THE PROBLEM :: The listing below should be written out word for word, with its pictures removed.

PROVIDED MATERIAL ::
────────────────────────────────────────
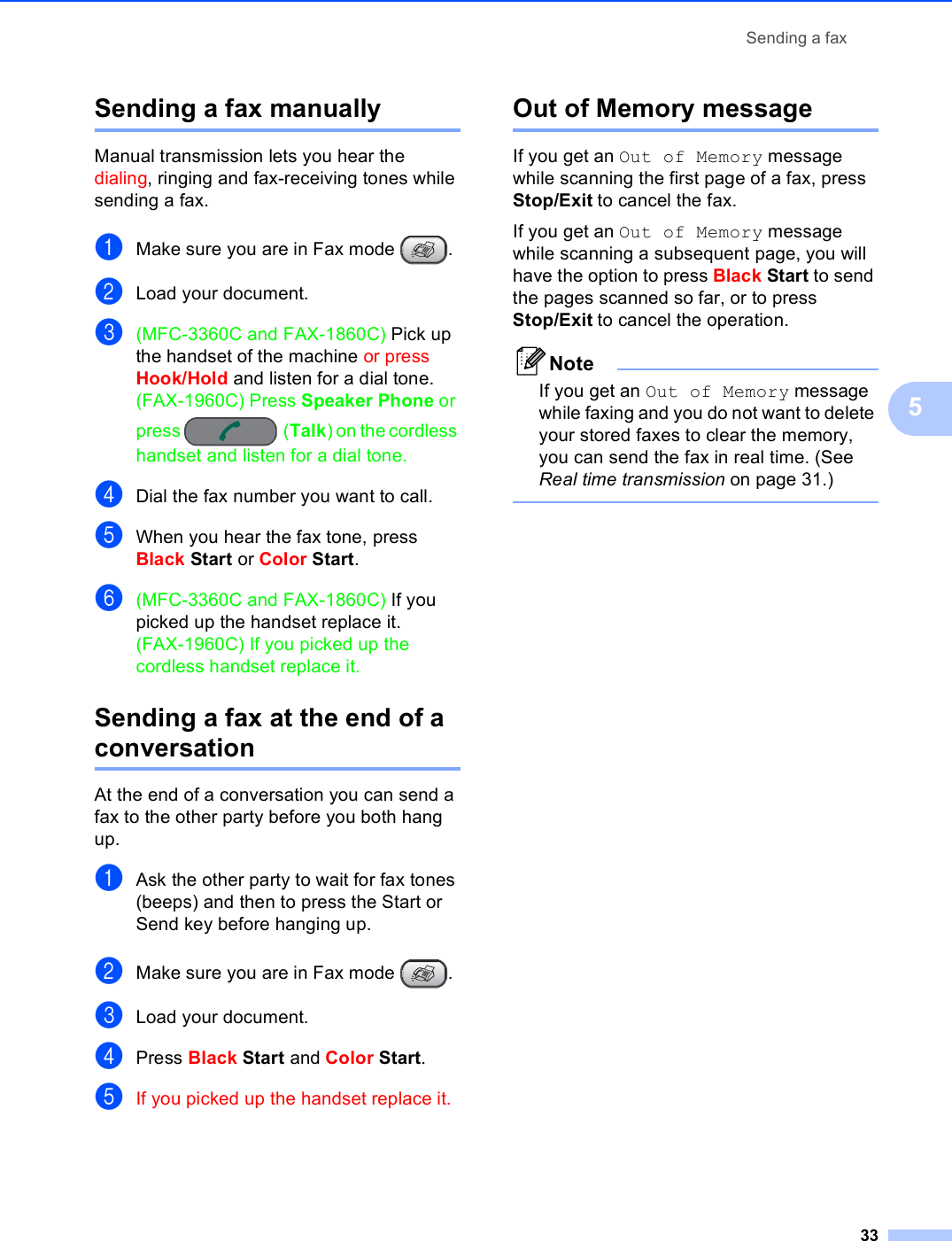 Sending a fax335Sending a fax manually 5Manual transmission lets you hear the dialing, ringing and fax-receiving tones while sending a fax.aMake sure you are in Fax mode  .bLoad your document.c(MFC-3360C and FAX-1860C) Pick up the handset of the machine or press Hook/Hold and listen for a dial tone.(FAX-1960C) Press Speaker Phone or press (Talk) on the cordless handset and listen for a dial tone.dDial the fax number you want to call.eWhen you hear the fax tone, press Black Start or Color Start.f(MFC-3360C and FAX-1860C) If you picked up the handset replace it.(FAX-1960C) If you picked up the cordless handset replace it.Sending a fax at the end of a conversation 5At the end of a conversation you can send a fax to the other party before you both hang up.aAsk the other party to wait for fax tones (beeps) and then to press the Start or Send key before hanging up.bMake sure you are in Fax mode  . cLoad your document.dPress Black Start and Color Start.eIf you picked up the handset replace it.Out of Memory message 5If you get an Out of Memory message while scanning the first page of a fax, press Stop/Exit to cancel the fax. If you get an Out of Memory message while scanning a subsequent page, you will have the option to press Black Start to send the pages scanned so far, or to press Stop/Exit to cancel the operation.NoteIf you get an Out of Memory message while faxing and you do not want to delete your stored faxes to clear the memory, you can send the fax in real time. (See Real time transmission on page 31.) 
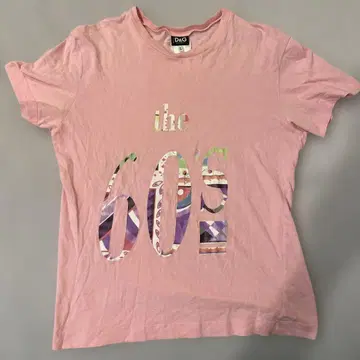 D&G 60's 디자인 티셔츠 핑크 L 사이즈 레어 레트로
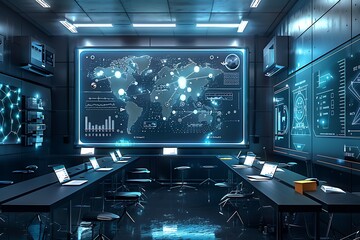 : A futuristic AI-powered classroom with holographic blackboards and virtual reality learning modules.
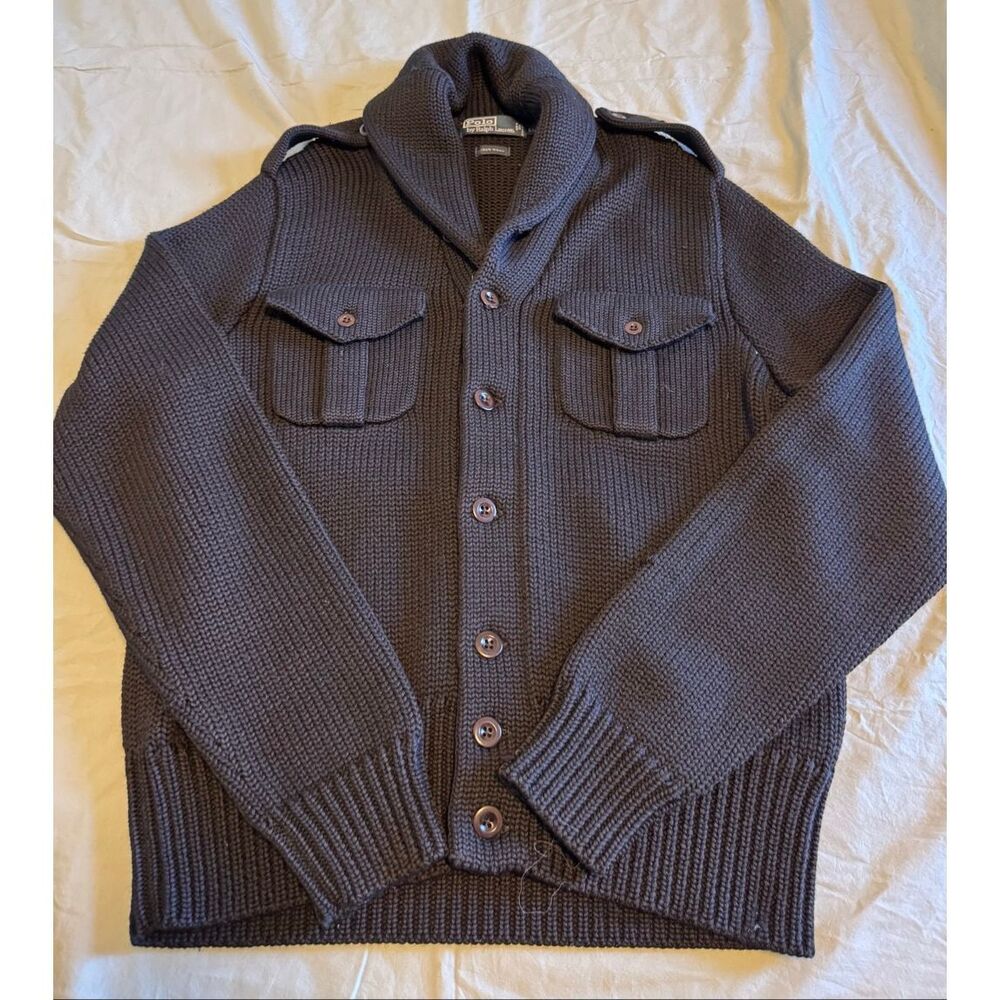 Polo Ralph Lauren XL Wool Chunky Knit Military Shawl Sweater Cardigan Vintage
────────────────────────────────────────
RESPONSE TO THE TASK ::
 Sending a fax335Sending a fax manually 5Manual transmission lets you hear the dialing, ringing and fax-receiving tones while sending a fax.aMake sure you are in Fax mode  .bLoad your document.c(MFC-3360C and FAX-1860C) Pick up the handset of the machine or press Hook/Hold and listen for a dial tone.(FAX-1960C) Press Speaker Phone or press (Talk) on the cordless handset and listen for a dial tone.dDial the fax number you want to call.eWhen you hear the fax tone, press Black Start or Color Start.f(MFC-3360C and FAX-1860C) If you picked up the handset replace it.(FAX-1960C) If you picked up the cordless handset replace it.Sending a fax at the end of a conversation 5At the end of a conversation you can send a fax to the other party before you both hang up.aAsk the other party to wait for fax tones (beeps) and then to press the Start or Send key before hanging up.bMake sure you are in Fax mode  . cLoad your document.dPress Black Start and Color Start.eIf you picked up the handset replace it.Out of Memory message 5If you get an Out of Memory message while scanning the first page of a fax, press Stop/Exit to cancel the fax. If you get an Out of Memory message while scanning a subsequent page, you will have the option to press Black Start to send the pages scanned so far, or to press Stop/Exit to cancel the operation.NoteIf you get an Out of Memory message while faxing and you do not want to delete your stored faxes to clear the memory, you can send the fax in real time. (See Real time transmission on page 31.) 
 D&G 60's 디자인 티셔츠 핑크 L 사이즈 레어 레트로
 : A futuristic AI-powered classroom with holographic blackboards and virtual reality learning modules.
 Polo Ralph Lauren XL Wool Chunky Knit Military Shawl Sweater Cardigan Vintage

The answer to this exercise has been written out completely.